**Exercise brief**
The expected output is the full data, repeated exactly, without pictures.

Pictures with short captions
------------------------------------------------------------

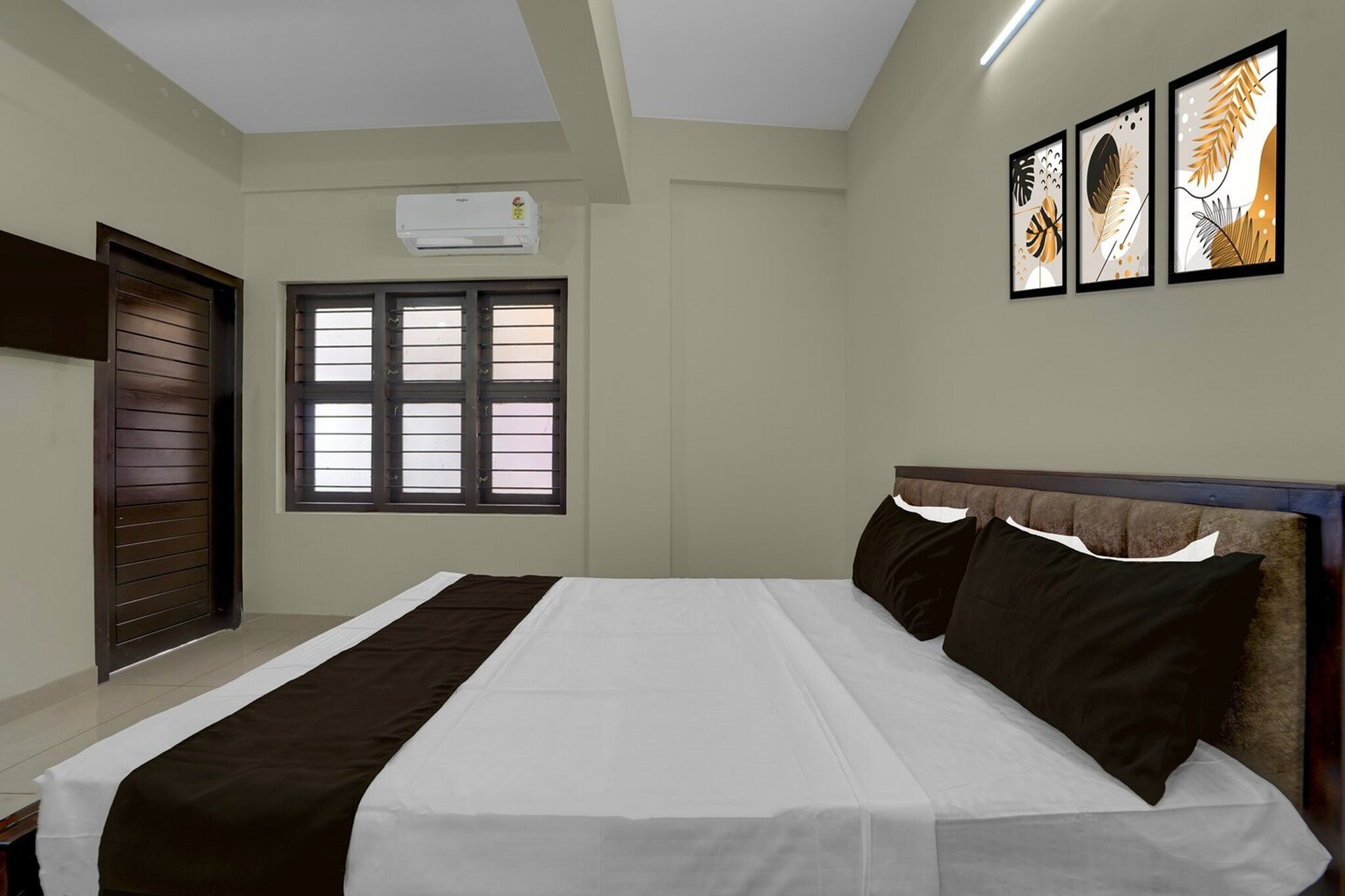 Hotel O Engineering College Sreekaryam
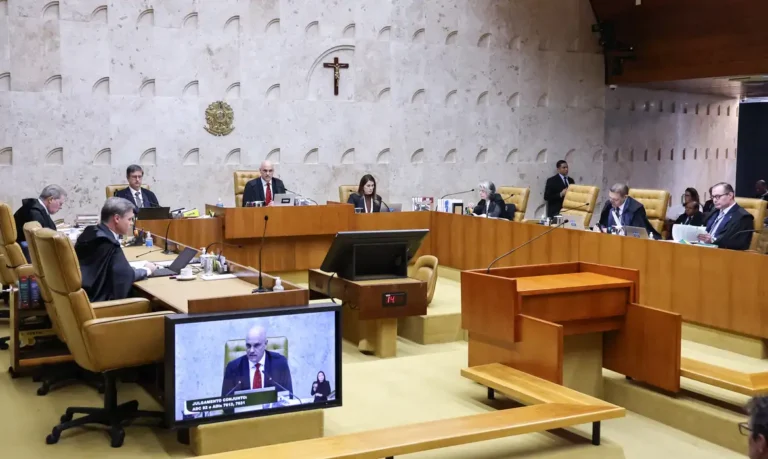 STF confirma validade de lei que garante igualdade salarial
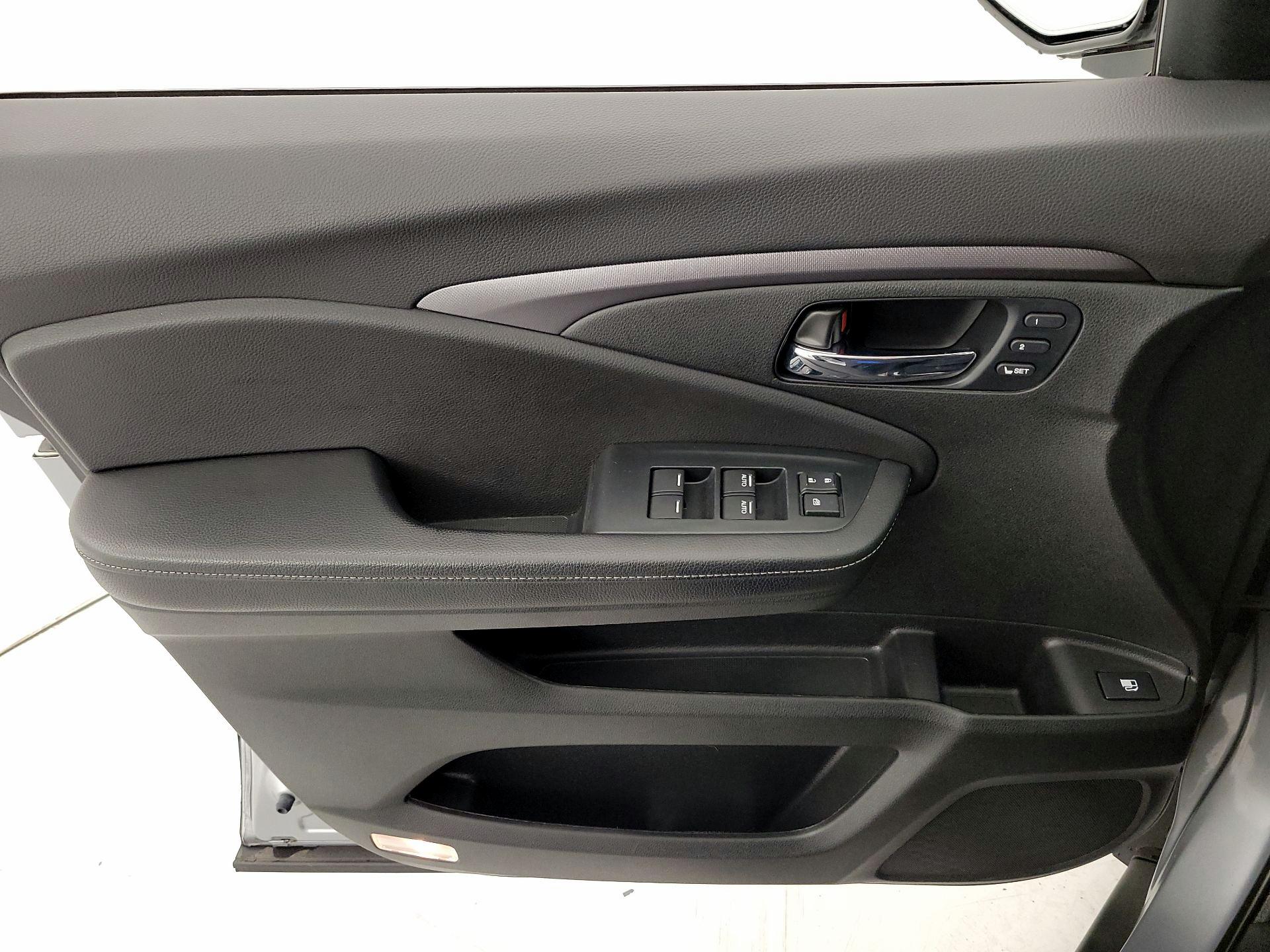 Thumbnail: 2023 Honda Ridgeline - 12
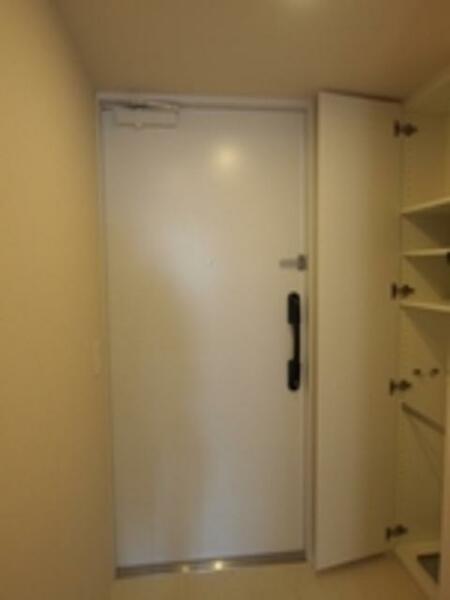 画像16:玄関クローゼットです。高さを変えられる棚が便利です。傘立てもあります。小物を飾れる棚もあります。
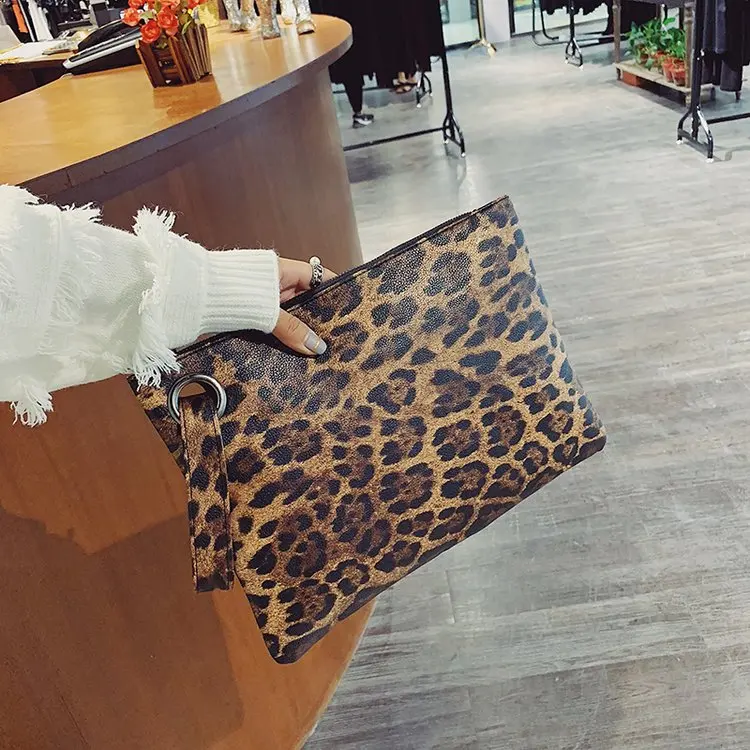 BARHEE/Европейская мода; женские сумки Клатчи леопардовой расцветки из искусственной кожи с принтом животных; кошелек-конверт; ручная сумка в стиле панк; крутой стиль; Новинка - Цвет: brown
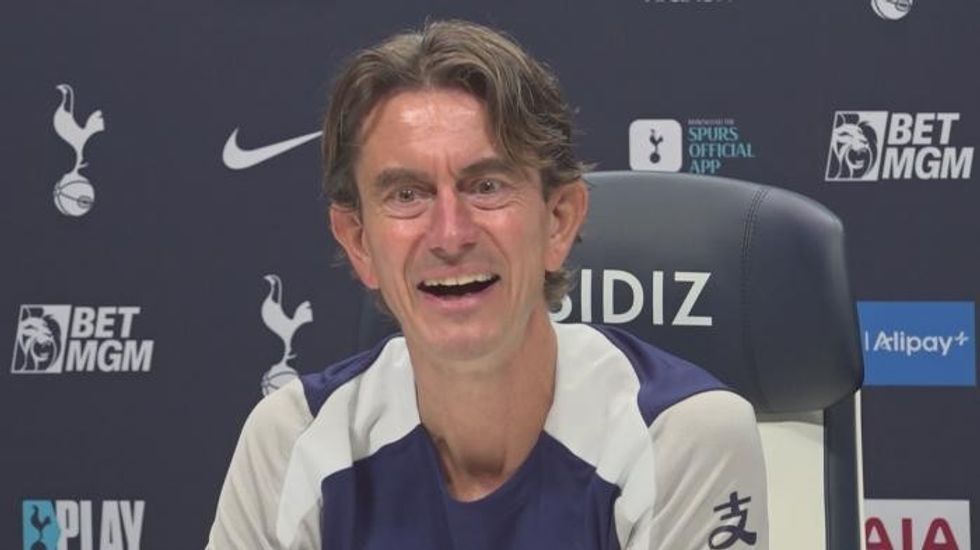 Premier League icon tips surprise club for title race while issuing stark warning to Thomas Frank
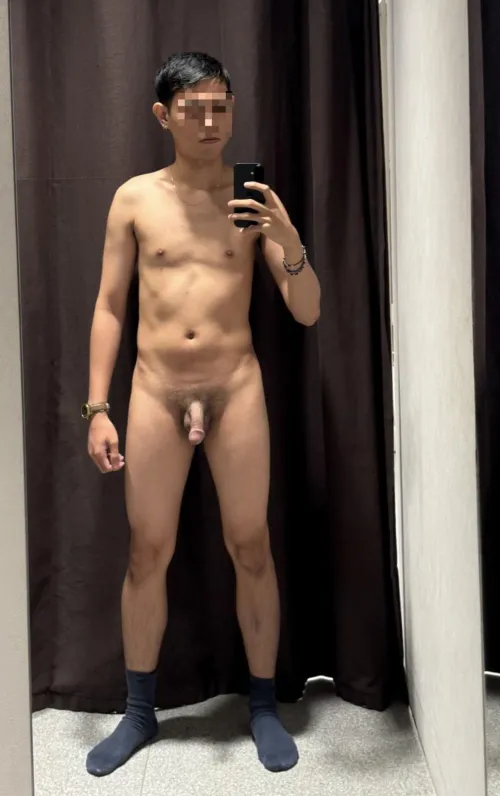 come in the dressing room by dannydec12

------------------------------------------------------------

**Answer space**
 Hotel O Engineering College Sreekaryam
 STF confirma validade de lei que garante igualdade salarial
 Thumbnail: 2023 Honda Ridgeline - 12
 画像16:玄関クローゼットです。高さを変えられる棚が便利です。傘立てもあります。小物を飾れる棚もあります。
 BARHEE/Европейская мода; женские сумки Клатчи леопардовой расцветки из искусственной кожи с принтом животных; кошелек-конверт; ручная сумка в стиле панк; крутой стиль; Новинка - Цвет: brown
 Premier League icon tips surprise club for title race while issuing stark warning to Thomas Frank
 come in the dressing room by dannydec12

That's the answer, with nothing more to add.